Les gouvernés veulent des chefs qui cheffent, pour reprendre le mot consacré par Jacques Chirac. On demande aujourd’hui des décideurs qui décident, et ce d’autant plus que les solutions ne paraissent pas évidentes. Ce phénomène où l’on s’en remet les yeux fermés à l’homme providentiel, explique, toute proportion gardée, le surgissement d’un Macron en France.
Des candidats au pouvoir suprême, il y en a toujours, à tous moments, prêts à s’en emparer. Il ne leur est loisible de le faire que dans des périodes de désarroi où les peuples s’interrogent sur la légitimité de leurs élites.
Aux quatre coins du Monde, les origines de ce mal généralisé sont néanmoins diverses.
Cette méfiance à l’endroit des élites s’installe en Occident parce que les leaders sont en échec. Leurs recettes semblent usées, inefficaces pour répondre aux défis réels ou fantasmés d’un Monde où la donne change de plus en plus vite, et par voie de conséquence la précarité s’étend à toutes les couches sociales, y compris et surtout à celles qu’elle épargnait jusqu’ici. C'est à dire les classes moyennes.

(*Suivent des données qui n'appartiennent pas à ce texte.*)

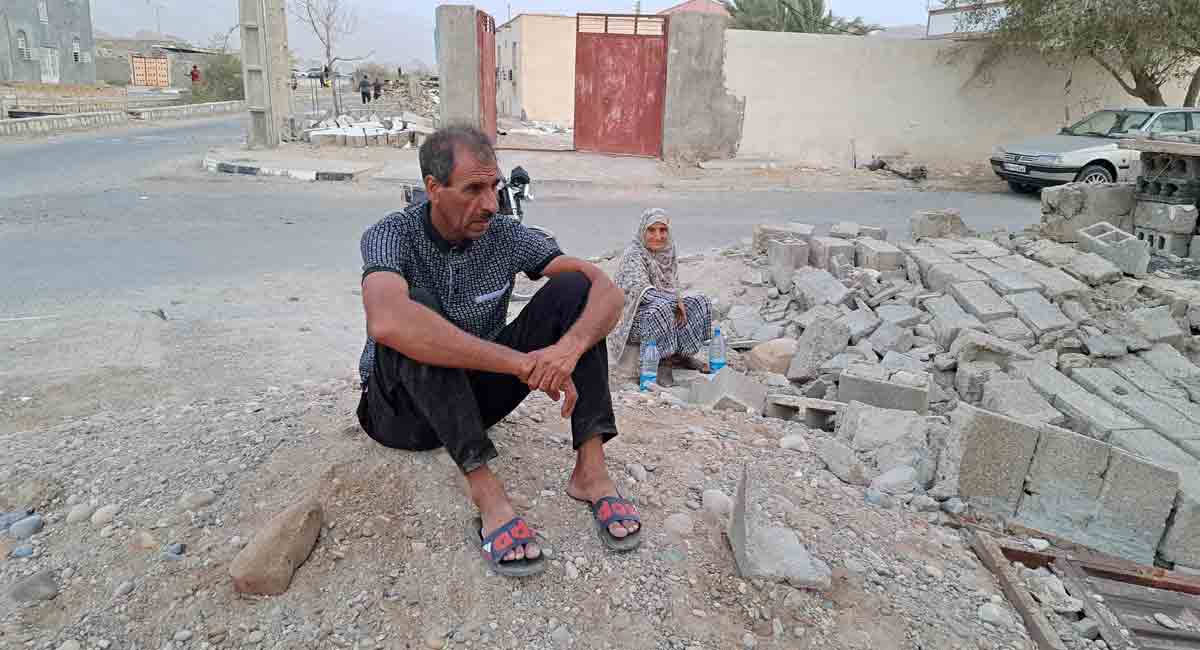 Five killed, 49 injured as three quakes rock Iran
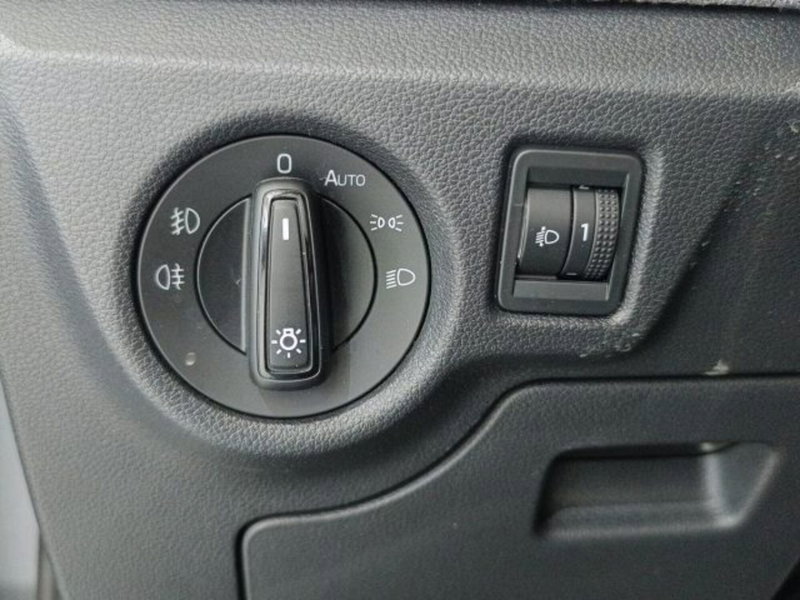 Skoda Kamiq usata a Catania (19)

Le rejet des aristocraties prend la forme d’une aspiration à l’égalité. Alexis de Tocqueville dans son examen de la démocratie décrit en ces termes comment l’égalitarisme conduit à la servitude volontaire : “Il se rencontre aussi dans le cœur humain un goût dépravé pour l’égalité, qui porte les faibles à vouloir attirer les forts à leur niveau, et qui réduit les hommes à préférer l’égalité dans la servitude à l’inégalité dans la liberté“.
L’élite n’existe que par ses signes de reconnaissance. Les formations qui permettent d'y accéder peuvent être diverses, cette sorte de biodiversité est d’ailleurs préférable, mais faute de se rejoindre sur des modes de pensée et des valeurs communes l’élite ne peut prendre corps, car ce sociomorphe se comporte comme un banc d’anchois. C’est-à-dire comme un organisme unique non hiérarchisé qui se meut néanmoins avec ensemble.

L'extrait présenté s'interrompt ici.